PROBLEM
In the records below, repeat word for word only the lines starting at the one that contains "Women's Faux-Suede Fur-Trim" and ending at the one that contains "Niedlich rosa SpiralNotebook", pictures excluded.

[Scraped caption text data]

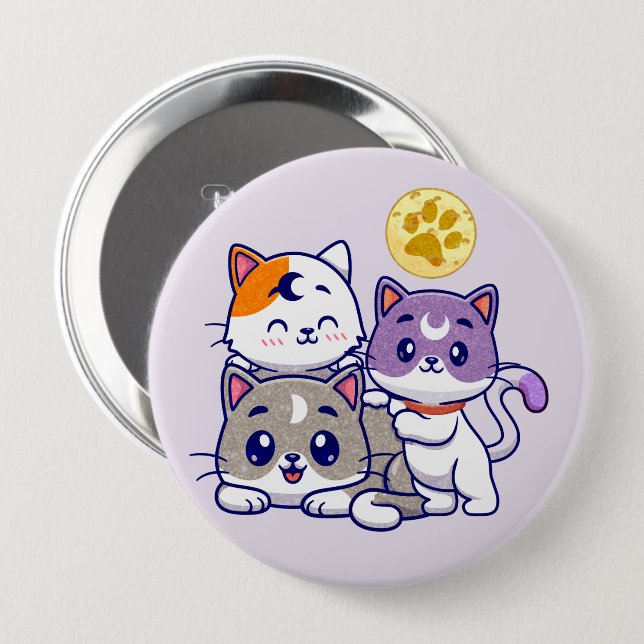 Adorable Trio – Three Cute Cats Button (Front & Back)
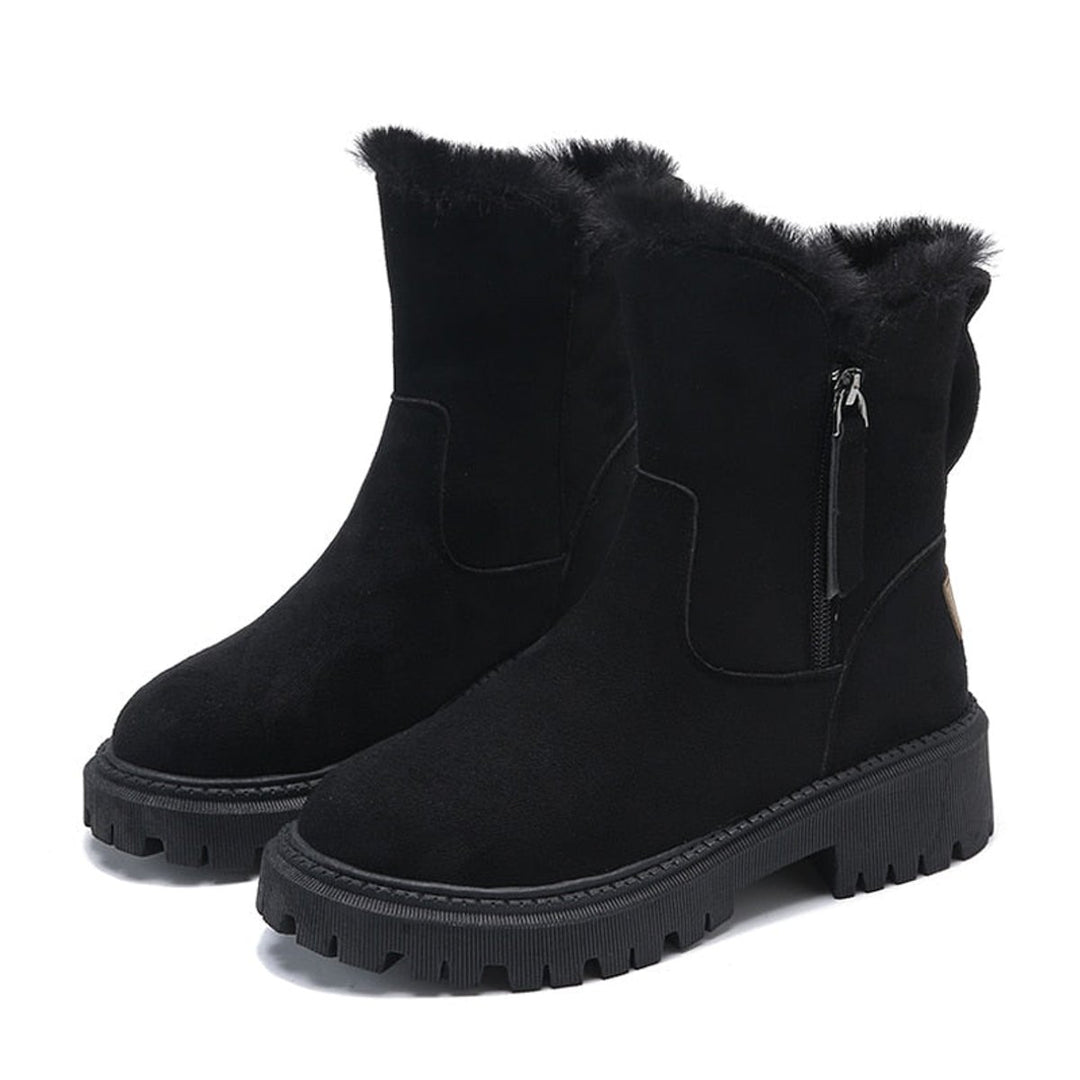 Women's Faux-Suede Fur-Trim Side-Zip Winter Ankle Boots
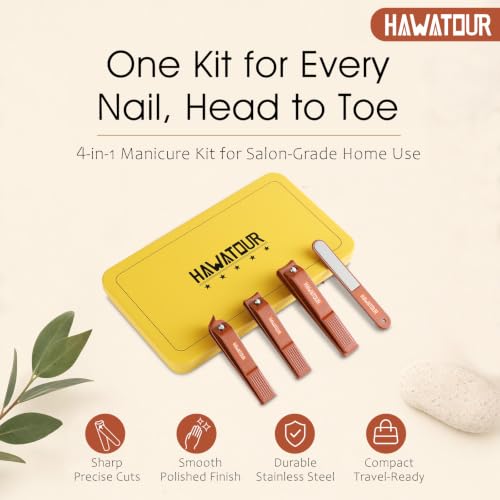 HAWATOUR 4-Piece Professional Nail Clipper Set - Terracotta Red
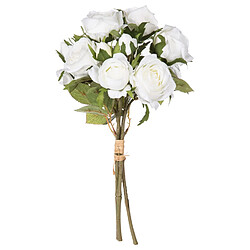 Atmosphera, Createur D'Interieur Bouquet artificiel de 14 Roses - H. 40 cm - Blanc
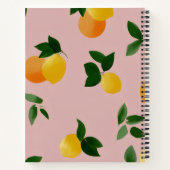 Niedlich rosa SpiralNotebook Lemon Orange Frucht Notizblock (Rückseite)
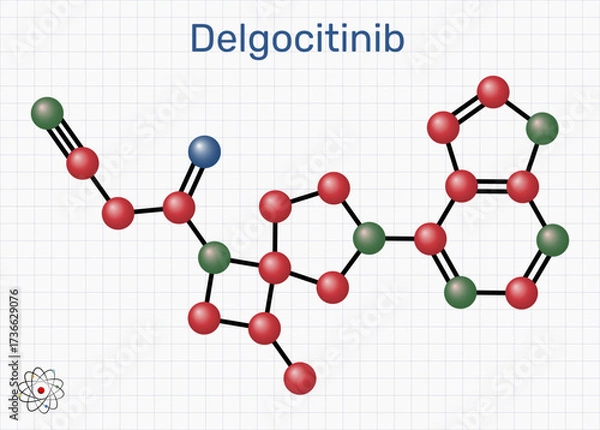 Fototapeta Delgocitinib molecule. Topical pan-JAK inhibitor for atopic dermatitis (eczema) treatment. Molecular model. Sheet of paper in a cage. Vector illustration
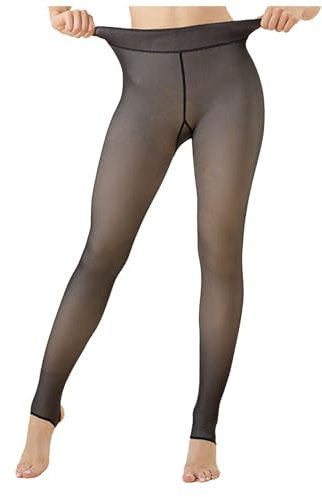 Collant Femme Hiver- Legging Collant Polaire Grande Taille Thermiques Faux Translucide en Peluche Doublure Confortable Pas Cher Grande Taille Fleece Tights pour Sport Exercice De La Vie Quotidienne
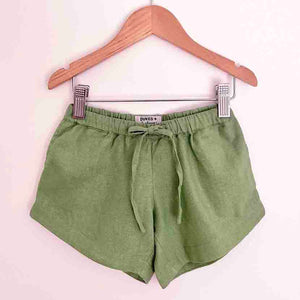 Christmas Khaki Green Curved Shorts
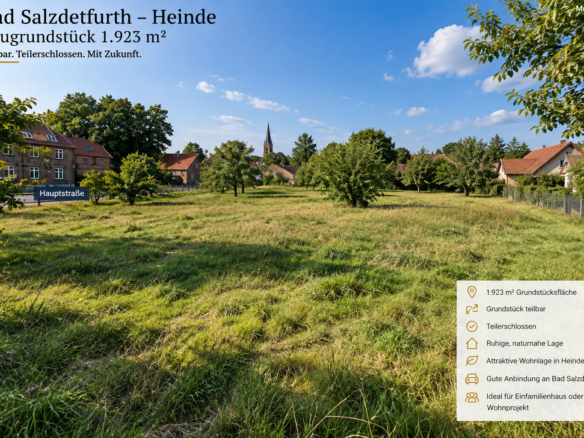 31162 Bad Salzdetfurth-Heinde – 1.923 m² Baugrundstück Teilerschlossen ( Teilbar )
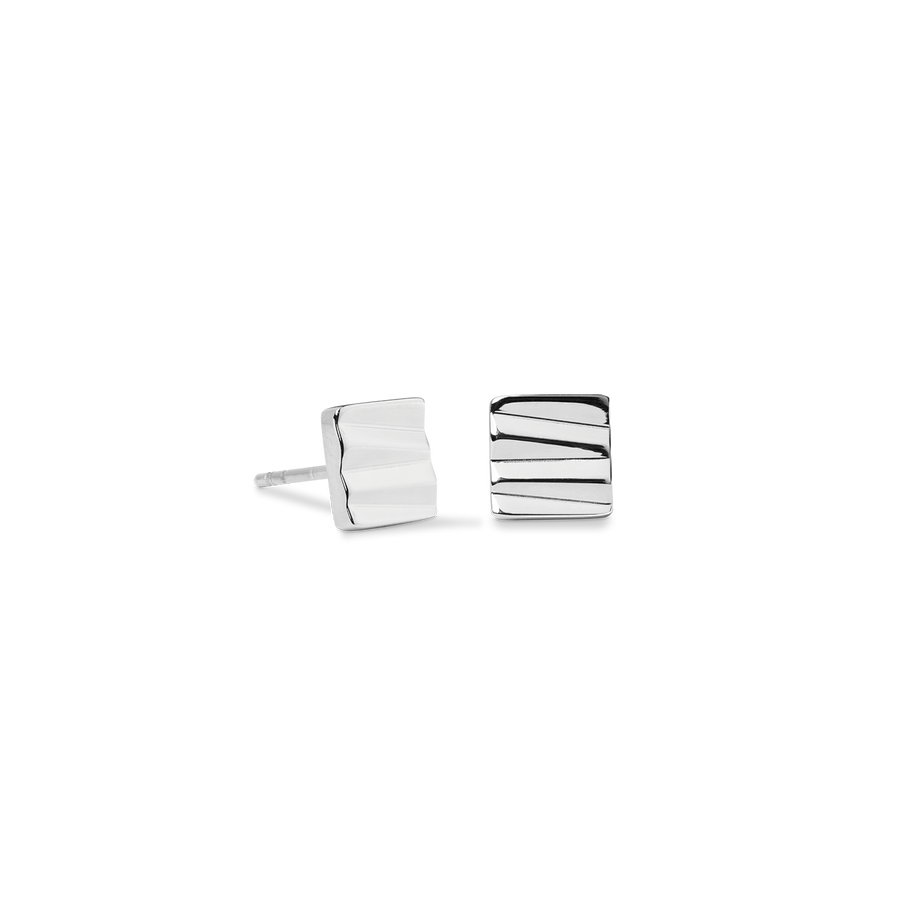 Stud earrings Square Wave silver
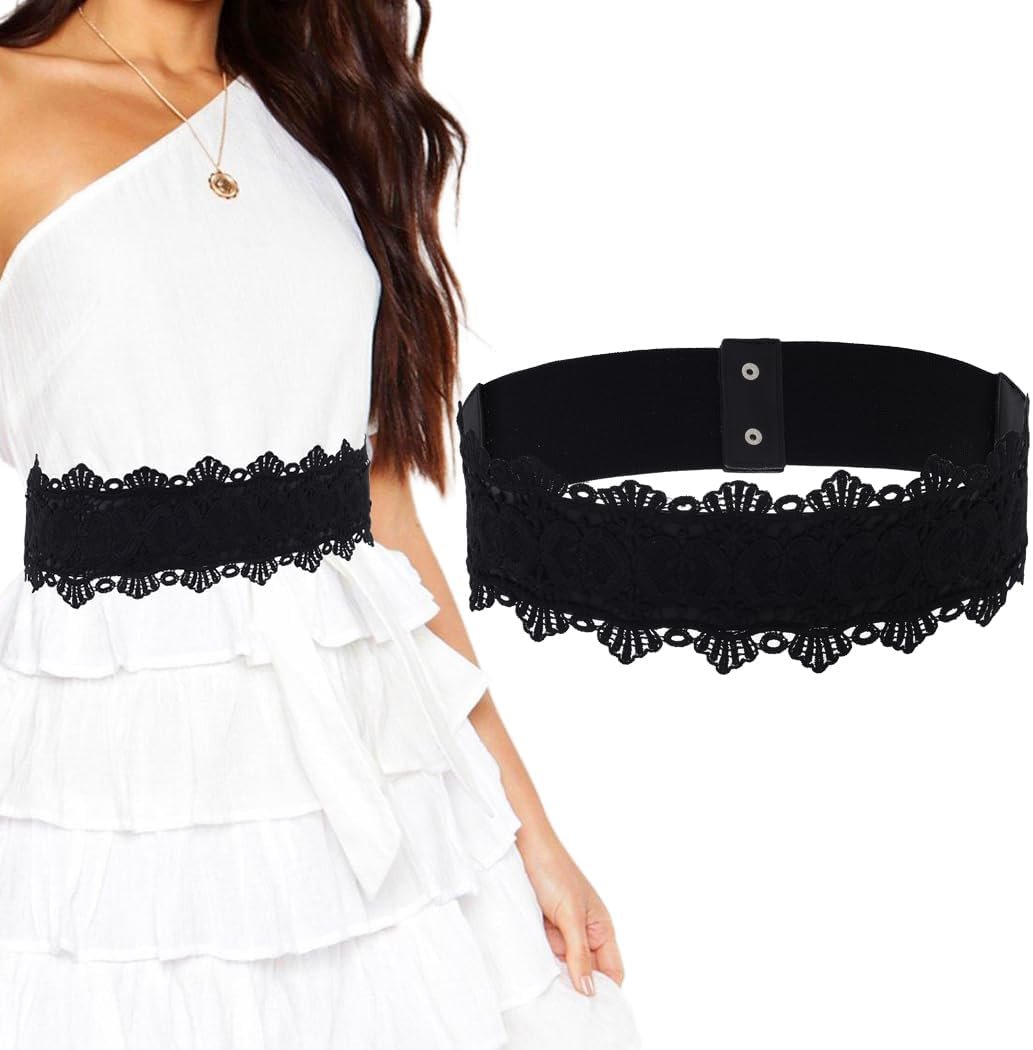 Urieo Lace Stretchy Cinch Belt Black Elastic Corset Belts Wide Stretch Halloween Costume Dress Dresses Waist Belt for Women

REPLY TO THE TASK
 Women's Faux-Suede Fur-Trim Side-Zip Winter Ankle Boots
 HAWATOUR 4-Piece Professional Nail Clipper Set - Terracotta Red
 Atmosphera, Createur D'Interieur Bouquet artificiel de 14 Roses - H. 40 cm - Blanc
 Niedlich rosa SpiralNotebook Lemon Orange Frucht Notizblock (Rückseite)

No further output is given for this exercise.